Meeting the Challenge of Mobile Security: The Perspective of Matthew Wilson, CEO of Penten
When visiting Australia, a key point of entry into the security and defense modernization process is the way the Aussies are reshaping their defense industrial base. They are a country the size of the United States with a population of just under 30 million people, with an economy the size of Texas but almost as large as Russia’s.
They are investing in a significant modernization effort, but one key question looking forward: how will Australian cyber, security and defense industries play in the future of Australia, with allies and the global technology business?
One impression I have is that Australia is clearly fostering a number of innovative technology companies at the SME level, augmenting the global capability being delivered by large international primes.
A key problem facing modern militaries is clearly how to build secure networks on the go?
Indeed, there is a clear disconnect between the security procedures of what seems the Jurassic Age and the networks correlated with those procedures and what a mobile security and military force needs for flexible, agile operations.
I don’t think a T-Rex jumps out as one as a flexible, agile animal; after all it is dead. This clearly is what needs to happen with the Cold War security mentality and the very heavy structure of very heavy and structured IT pipes that are integrated into the support of yesterday’s approach to security.
During my visit to Australia in August 2018, I had a chance to visit a company, which is pioneering very innovative ways to provide for security for mobile systems.
Winning contracts with the Australia’s Defence Innovation Hub and being nationally awarded for its technology, Penten is one of the new breed of Australian SMEs challenging traditional defense thinking.
I had a chance to sit down and talk with the CEO of Penten, Matthew Wilson, while visiting Canberra in August 2018 and to discuss their approach and the way ahead from his point of view.
Wilson started by laying out the general context within which Penten has been launched and works.
Our focus is genuinely about trying to solve problems in the cyber security space that haven’t been solved anywhere else in the world.
Of course, we use the term cyber security but really, we are talking about information security. We are looking at enabling how people work and want to work, rather than just focusing upon how to protect the enterprise systems housed in large facilities.
Penten’s only been around three years, but the founders have worked together for around 20 years.
Traditionally, in Australia we look to find a solution overseas then forklift and integrate it into the Australian context – usually many years after it was needed.
At Penten, we have taken a different approach – we look at the Australian need and seek to create new technologies to solve problems in Australia first, not wait for something to be delivered to us.
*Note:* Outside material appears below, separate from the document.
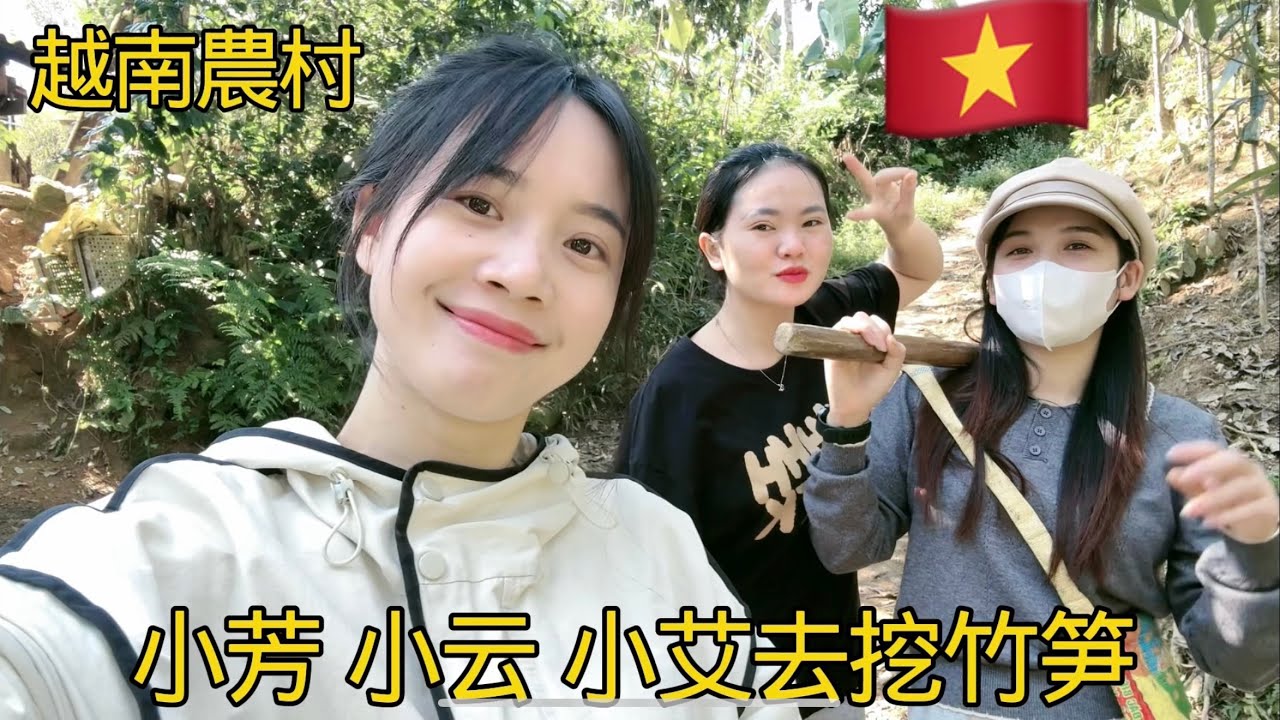 🇻🇳越南農村生活-初五小芳跟同學去挖竹筍#越南女孩 #越南農村 #越南姑娘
For example, IT is quite different in Australia from the US, in terms of scale, quantity of data and size of market. It is also much richer in terms of investments, so we needed to focus on approaches, which fit the scale of Australia but also provided better data assurance for a highly mobile society.
In the discussion with Wilson, it was clear that there was a very dynamic interaction between the technology they shaped and are shaping and the concepts of operations, which that technology could allow his Australian customers to be able to utilize.
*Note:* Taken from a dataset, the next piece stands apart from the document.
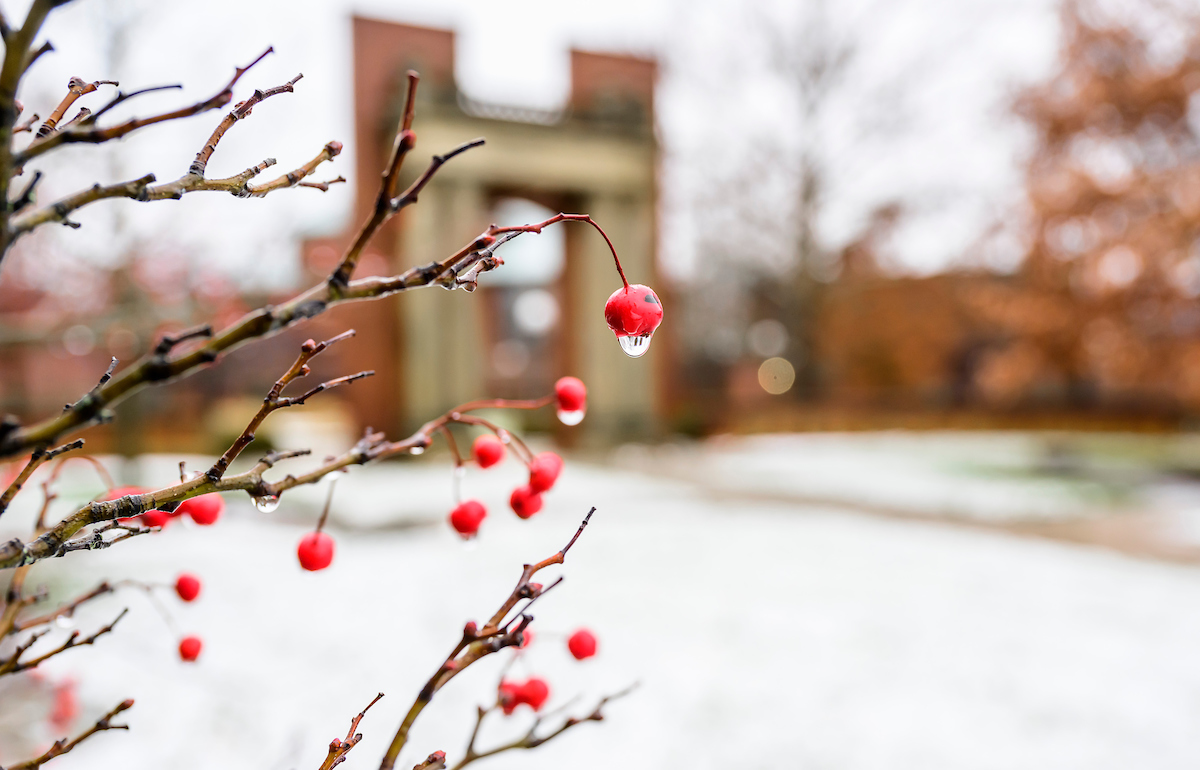 Winter berries glisten in a wintery mix near the Hallene Gateway at the east entrance of campus. If you look closely, you can see the reflection of the gateway in the melting snow drop. Photo taken at the University of Illinois Urbana-Champaign on Tuesday, Jan. 9, 2024. (Photo by Fred Zwicky / University of Illinois Urbana-Champaign)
At the heart of the intersection is a priority on mobile security that is an ability to provide security for working from classified or secure networks but to do so while working in a variety of locations.
Wilson went on to highlight some of their key work and technology areas of effort.
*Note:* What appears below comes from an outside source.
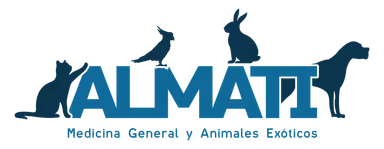 Logo de Almati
A key area where we have focused our attention is upon secure mobility.
That is how do we make classified information more mobile? And that mobility is not just outside of a secure facility. It can sometimes be in the secured facility itself.
A second key area of work is with regard to automating some cyber deception capabilities within a defense construct.
What do we mean by that?
If an intruder gets on a network and they communicate with a server they will ask the machine, “who are you,” the machine will tell them, “I am a Windows server version 2013 running this particular version, running these particular services.” The current paradigm is- if I ask a question of a server, I get an answer and I know I can trust the answer.
Because of this I know what tool to use to be able to move from that machine to the next target. This paradigm makes the job of the attacker simple. But what if we start to send back information that isn’t true, we do two things.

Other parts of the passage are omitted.